Having seen levels around parity just before the SNB intervention in 2011, it would be a possible scenario to immediately see such levels again without support of the SNB. Reflecting this in millions, we have an order of magnitude of 20M for the EUR/CHF only (1.20 to 1.00). Additional impact of CHF pairs would have to be considered as well (e.g. USD/CHF).
“Clients Defaulting”: The big losses that many brokerage companies suffered has been generated out of (hedged) positions that remained open with the counterparty (liquidity providers) while all long positions were closed due to margin calls, this as a result of the pricing gap of around 2,500 pips.
If we take your example, you do not give further details on client’s equity. Let’s assume that the 100M EUR/CHF long is being held by 500 clients with an average equity of 10,000 EUR. So we would dispose beyond the margin call of normally 2% (2M), a total of 5M of client’s equity. This still leaves us with a loss of 15M.
Contractual Risk: It will be very difficult for most brokers to claim the negative equity back from their clients, whereas they remain accountable toward their liquidity providers.
What could have been done in such a case to prevent heavy losses or even bankruptcy?
We can distinguish various measures (pre-event):
1) Have an adequate capitalization in accordance with the exposure taken, assessing what capital would be left in relation to scenarios.
2) Lower the allowed leverage for the CHF cross-currency pairs.
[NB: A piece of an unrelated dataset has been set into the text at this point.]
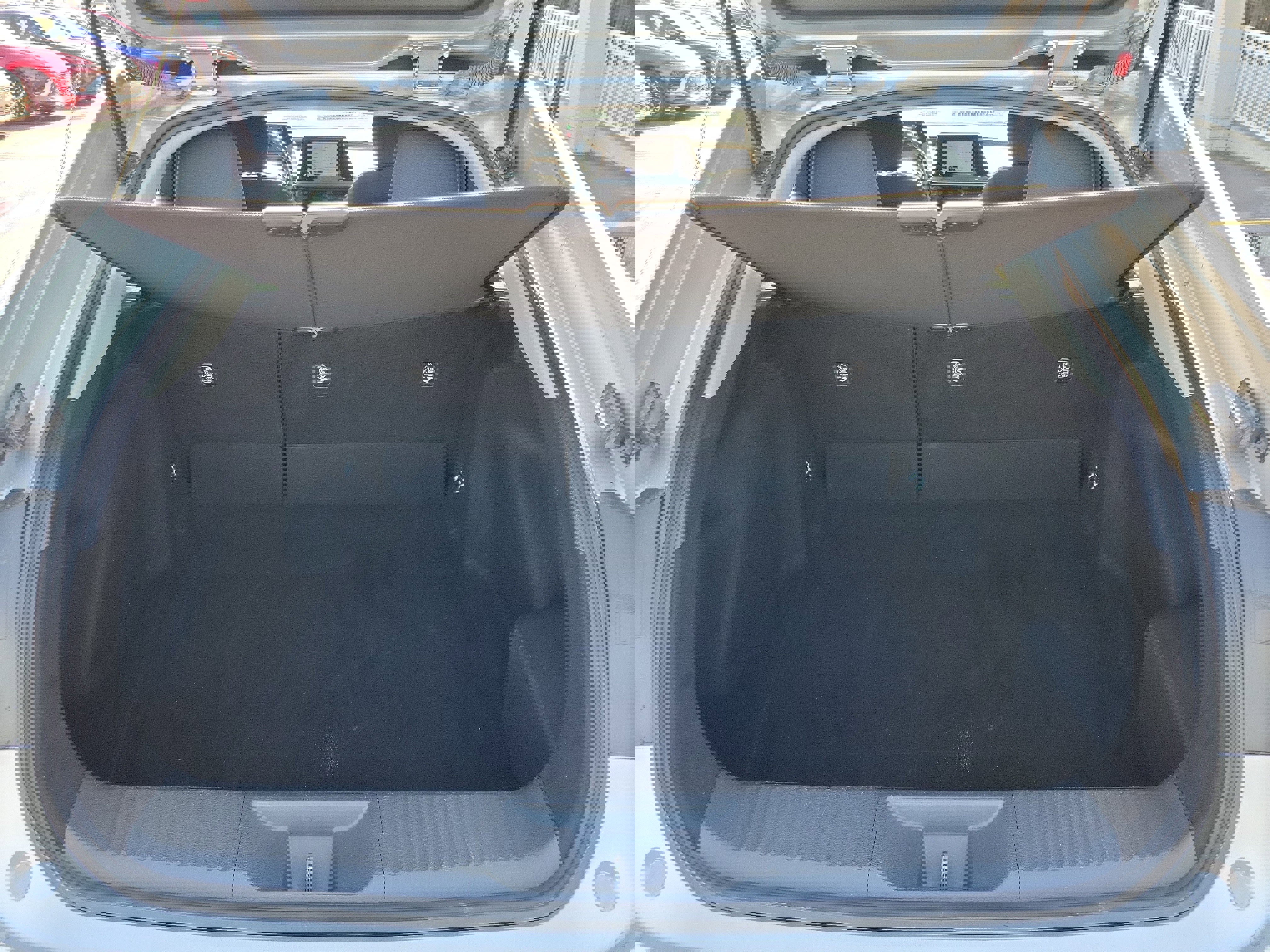 Used 2024 Toyota Prius LE FWD image 8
Assuming a leverage of 100, we would lower the leverage to the height of 20% to around 80. This would trigger a reduction of the number of long contracts by the same amount (assuming clients to do not want to inject more liquidity) or if willing to stay would have to inject more equity. This is in my view the most effective measure if willing to stay with the positions.
3) Raise the call margin level for the CHF cross-currency pairs, e.g. from 2% up to 10%. This would just reduce the amount of the loss.
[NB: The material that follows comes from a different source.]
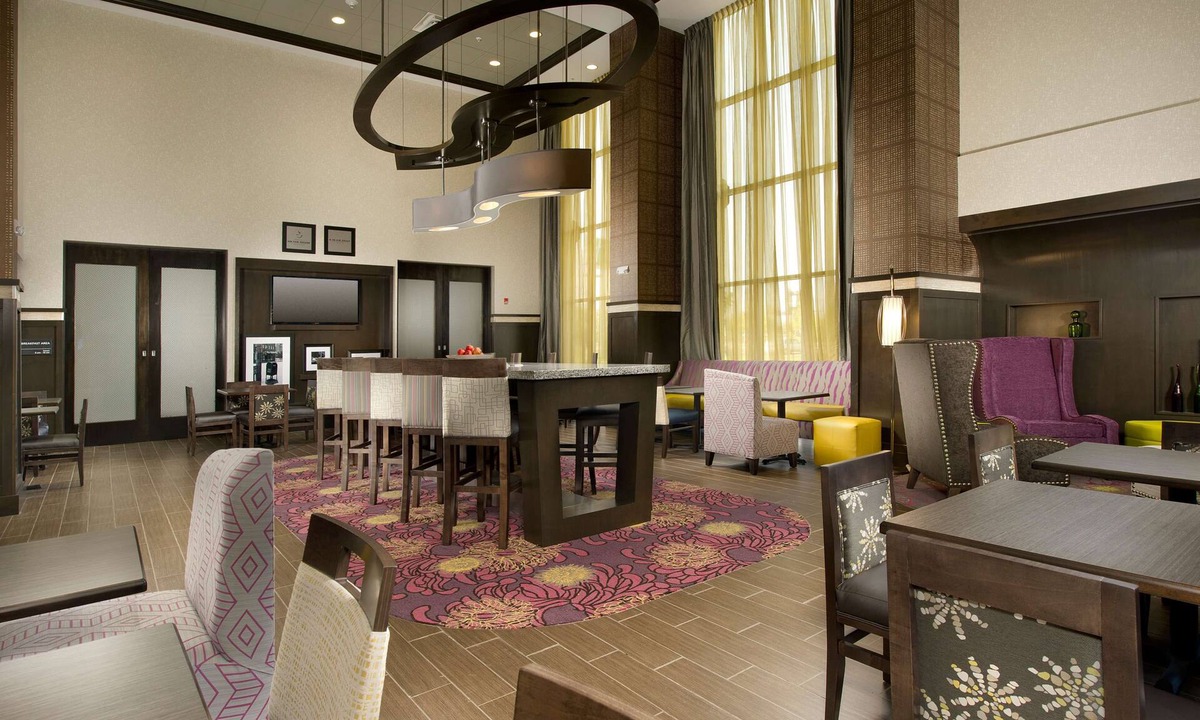 Cheektowaga Hotel | Hampton Inn & Suites Buffalo Airport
4) Work with options instead of hedging the same number of lots, buying put and writing calls on the EUR/CHF and USD/CHF in function of the equity and the direction of the specific instrument (providing contractual risks cannot be mitigated)
5) Pass the risk (pure STP) of CHF cross-currency pairs entirely and keep the commission.
6) A radical measure would be the avoidance of dealing with the CHF (as some brokers avoided/avoid dealing in Turkish lira or ruble).
There are aspects of the risk that can be computed/managed by a system (e.g. level of effective exposures, adequacy of capital risk, etc.) others however remain – at least for the time being – a human judgment and task. I once again point out the fact that the VaR95% is not the magic formula which solves problems and certainly not the event that occurs.
It is however an important indicator, as the altimeter is to an aircraft, in addition to speed and inclination, and of course it cannot be considered alone. Also similar to the airline industry, risk management is a learning process, where anticipation is possible, but in some cases unfortunately not.